**Problem to work on:**
All of the records should be reproduced word for word, but no images may appear in the copy.

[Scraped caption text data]
*-*-*

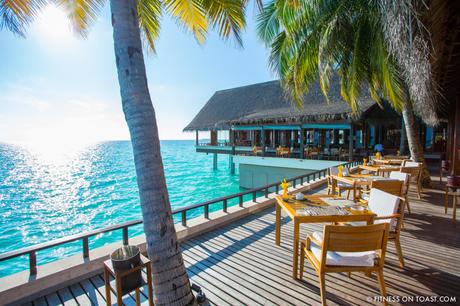 Fitness On Toast Faya Blog Girl healthy workout new year Reethi Rah One Only Luxury Maldives Travel Active Escape-81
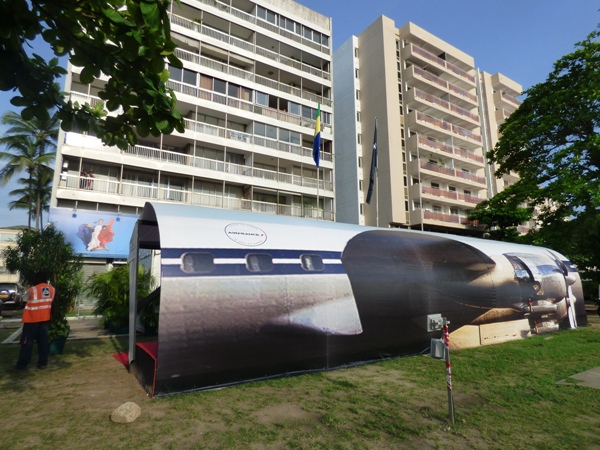 Air France retrace ses 70 ans de présence au Gabon dans une exposition à Libreville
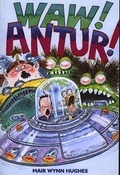 Cover: Waw - Antur! - Gwasg Pantycelyn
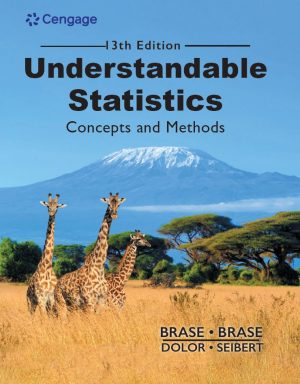 Understandable Statistics Concepts and Methods 13th 13E
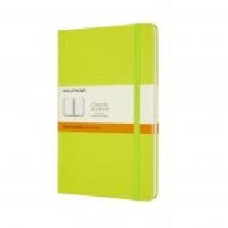 Блокнот для записей Classic 13х21 см линия лимонный зеленый QP060C2 Moleskine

*-*-*

**Expected answer:**
 Fitness On Toast Faya Blog Girl healthy workout new year Reethi Rah One Only Luxury Maldives Travel Active Escape-81
 Air France retrace ses 70 ans de présence au Gabon dans une exposition à Libreville
 Cover: Waw - Antur! - Gwasg Pantycelyn
 Understandable Statistics Concepts and Methods 13th 13E
 Блокнот для записей Classic 13х21 см линия лимонный зеленый QP060C2 Moleskine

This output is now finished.